Proof verification: An open connected subset of $\mathbb R^2$ is path connected.

Question

Let $U$ be an open connected subset of $\mathbb R^2$, $x_0\in U$, and $$S=\{x\in U: \text{there exists a path from $x_0$ to $x$}\}.$$ We show that $S$ is clopen in $U$, and because $U$ is connected, is therefore equal to $U$. First let $x\in S$, then because $U$ is open, there exists a neighborhood (i.e. open ball) $V$ of $x$ with $V\subset U$. Since neighborhoods are path connected, there exists a path from $x$ to $y$, so by the pasting lemma there exists a path from $x_0$ to $y$. Hence $V\subset S$, so that $S$ is open in $U$.
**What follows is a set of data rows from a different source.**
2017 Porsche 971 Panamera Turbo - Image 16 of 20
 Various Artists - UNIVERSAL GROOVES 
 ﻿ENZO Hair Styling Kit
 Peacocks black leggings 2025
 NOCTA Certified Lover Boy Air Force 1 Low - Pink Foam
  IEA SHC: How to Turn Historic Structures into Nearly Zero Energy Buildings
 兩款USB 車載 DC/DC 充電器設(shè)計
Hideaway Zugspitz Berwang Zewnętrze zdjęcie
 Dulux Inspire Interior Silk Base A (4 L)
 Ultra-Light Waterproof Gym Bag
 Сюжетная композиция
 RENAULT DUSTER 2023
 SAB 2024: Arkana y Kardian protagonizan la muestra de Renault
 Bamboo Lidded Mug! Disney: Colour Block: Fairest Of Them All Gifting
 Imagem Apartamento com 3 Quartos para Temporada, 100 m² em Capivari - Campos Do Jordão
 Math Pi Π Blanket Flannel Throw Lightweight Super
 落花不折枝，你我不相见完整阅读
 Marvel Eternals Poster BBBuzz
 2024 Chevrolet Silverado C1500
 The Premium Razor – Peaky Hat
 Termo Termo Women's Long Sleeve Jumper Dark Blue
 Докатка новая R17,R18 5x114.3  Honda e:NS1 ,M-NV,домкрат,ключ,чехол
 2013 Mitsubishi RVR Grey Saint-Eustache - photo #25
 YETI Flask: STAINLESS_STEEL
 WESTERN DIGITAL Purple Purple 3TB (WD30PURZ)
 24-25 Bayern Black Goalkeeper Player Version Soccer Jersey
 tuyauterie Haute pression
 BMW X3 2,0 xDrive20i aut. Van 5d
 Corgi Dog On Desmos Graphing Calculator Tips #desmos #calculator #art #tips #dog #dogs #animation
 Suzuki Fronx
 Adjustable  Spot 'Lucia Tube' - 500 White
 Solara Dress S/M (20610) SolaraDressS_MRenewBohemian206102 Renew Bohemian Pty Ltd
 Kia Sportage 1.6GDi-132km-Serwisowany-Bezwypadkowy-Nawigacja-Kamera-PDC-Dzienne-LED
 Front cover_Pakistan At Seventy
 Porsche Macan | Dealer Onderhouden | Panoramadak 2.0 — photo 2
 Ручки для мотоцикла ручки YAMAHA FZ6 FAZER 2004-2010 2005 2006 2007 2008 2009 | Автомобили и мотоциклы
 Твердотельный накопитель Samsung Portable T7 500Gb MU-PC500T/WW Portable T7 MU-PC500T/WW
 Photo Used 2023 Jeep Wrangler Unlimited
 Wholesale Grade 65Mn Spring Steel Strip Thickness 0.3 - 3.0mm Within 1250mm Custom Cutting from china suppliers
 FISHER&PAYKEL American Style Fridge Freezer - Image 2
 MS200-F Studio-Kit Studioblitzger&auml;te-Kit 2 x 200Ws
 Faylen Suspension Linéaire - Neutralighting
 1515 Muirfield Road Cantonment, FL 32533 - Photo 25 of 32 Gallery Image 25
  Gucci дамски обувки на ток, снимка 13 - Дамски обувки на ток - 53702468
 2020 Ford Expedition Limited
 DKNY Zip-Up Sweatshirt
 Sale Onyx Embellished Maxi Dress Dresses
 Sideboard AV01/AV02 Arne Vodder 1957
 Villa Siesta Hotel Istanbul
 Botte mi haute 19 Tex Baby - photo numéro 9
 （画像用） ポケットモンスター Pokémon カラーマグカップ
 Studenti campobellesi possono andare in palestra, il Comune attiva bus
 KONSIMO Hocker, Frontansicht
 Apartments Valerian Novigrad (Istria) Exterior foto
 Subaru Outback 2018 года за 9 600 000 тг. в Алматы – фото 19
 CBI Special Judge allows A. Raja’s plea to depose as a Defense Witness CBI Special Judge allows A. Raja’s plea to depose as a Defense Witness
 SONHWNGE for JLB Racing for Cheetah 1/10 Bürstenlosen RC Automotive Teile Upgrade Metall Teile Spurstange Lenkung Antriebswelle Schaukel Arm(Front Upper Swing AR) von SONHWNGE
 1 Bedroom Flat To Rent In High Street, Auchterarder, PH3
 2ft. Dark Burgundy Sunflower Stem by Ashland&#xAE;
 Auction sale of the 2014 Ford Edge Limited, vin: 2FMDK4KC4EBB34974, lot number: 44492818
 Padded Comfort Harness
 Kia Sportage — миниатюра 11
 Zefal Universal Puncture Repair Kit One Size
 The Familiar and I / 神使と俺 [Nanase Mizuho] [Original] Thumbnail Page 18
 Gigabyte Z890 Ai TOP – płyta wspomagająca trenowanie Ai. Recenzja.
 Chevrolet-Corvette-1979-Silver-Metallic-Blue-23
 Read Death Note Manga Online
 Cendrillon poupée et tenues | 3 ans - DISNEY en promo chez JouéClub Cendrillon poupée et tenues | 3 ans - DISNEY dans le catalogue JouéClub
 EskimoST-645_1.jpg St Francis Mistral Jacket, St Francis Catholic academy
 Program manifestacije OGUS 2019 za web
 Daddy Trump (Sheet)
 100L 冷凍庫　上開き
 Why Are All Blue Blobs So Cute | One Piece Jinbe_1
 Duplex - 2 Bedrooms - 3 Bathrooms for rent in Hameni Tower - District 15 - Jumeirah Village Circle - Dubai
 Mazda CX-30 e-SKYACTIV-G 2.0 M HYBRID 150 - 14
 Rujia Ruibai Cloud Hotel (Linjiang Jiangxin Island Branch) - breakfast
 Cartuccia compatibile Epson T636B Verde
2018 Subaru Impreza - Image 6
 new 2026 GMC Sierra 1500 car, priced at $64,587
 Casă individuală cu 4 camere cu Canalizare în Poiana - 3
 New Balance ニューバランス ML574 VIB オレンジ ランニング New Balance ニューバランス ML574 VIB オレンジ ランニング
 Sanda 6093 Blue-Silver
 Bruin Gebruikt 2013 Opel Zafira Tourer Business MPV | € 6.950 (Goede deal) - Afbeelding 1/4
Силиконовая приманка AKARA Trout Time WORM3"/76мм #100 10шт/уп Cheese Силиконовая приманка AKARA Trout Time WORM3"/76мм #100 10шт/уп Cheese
Now let $x$ be a limit point of $S$. Then each neighborhood $V$ of $S$ intersects $S$ in a point $y\ne x$. Since $y\in S$, there exists a path from $x_0$ to $y$, and since $V$ is path connected, there exists a path from $y$ to $x$. So again by the pasting lemma, there exists a path from $x_0$ to $x$. It follows that $x\in S$, so that $S$ is closed in $U$.

I don't see any error in my proof, but I did not use the fact that $U$ is open in showing that $S$ is closed, so I am unsure of its validity.

As an aside, this same argument (provided it is correct) can be used for $\mathbb R^n$, right?

Answer 1

As advised by @Matematleta, I am revising my proof and writing it as a solution.

We show that $S$ is clopen in $U$, and because $U$ is connected, is therefore equal to $U$. First let $x\in S$, then because $U$ is open, there exists a neighborhood (i.e. open ball) $V$ of $x$ with $V\subset U$. Since neighborhoods are path connected, there exists a path from $x$ to $y$, so by the pasting lemma there exists a path from $x_0$ to $y$. Hence $V\subset S$, so that $S$ is open in $U$.

Now, $U$ can be partitioned into its path components, and $S$ is a path component of $U$. It follows that $U\setminus S$ is open, as the union of the other path components of $U$ which also are open. Therefore $S$ is closed, and since $U$ is connected, we conclude that $S=U$; in other words, $U$ is path connected.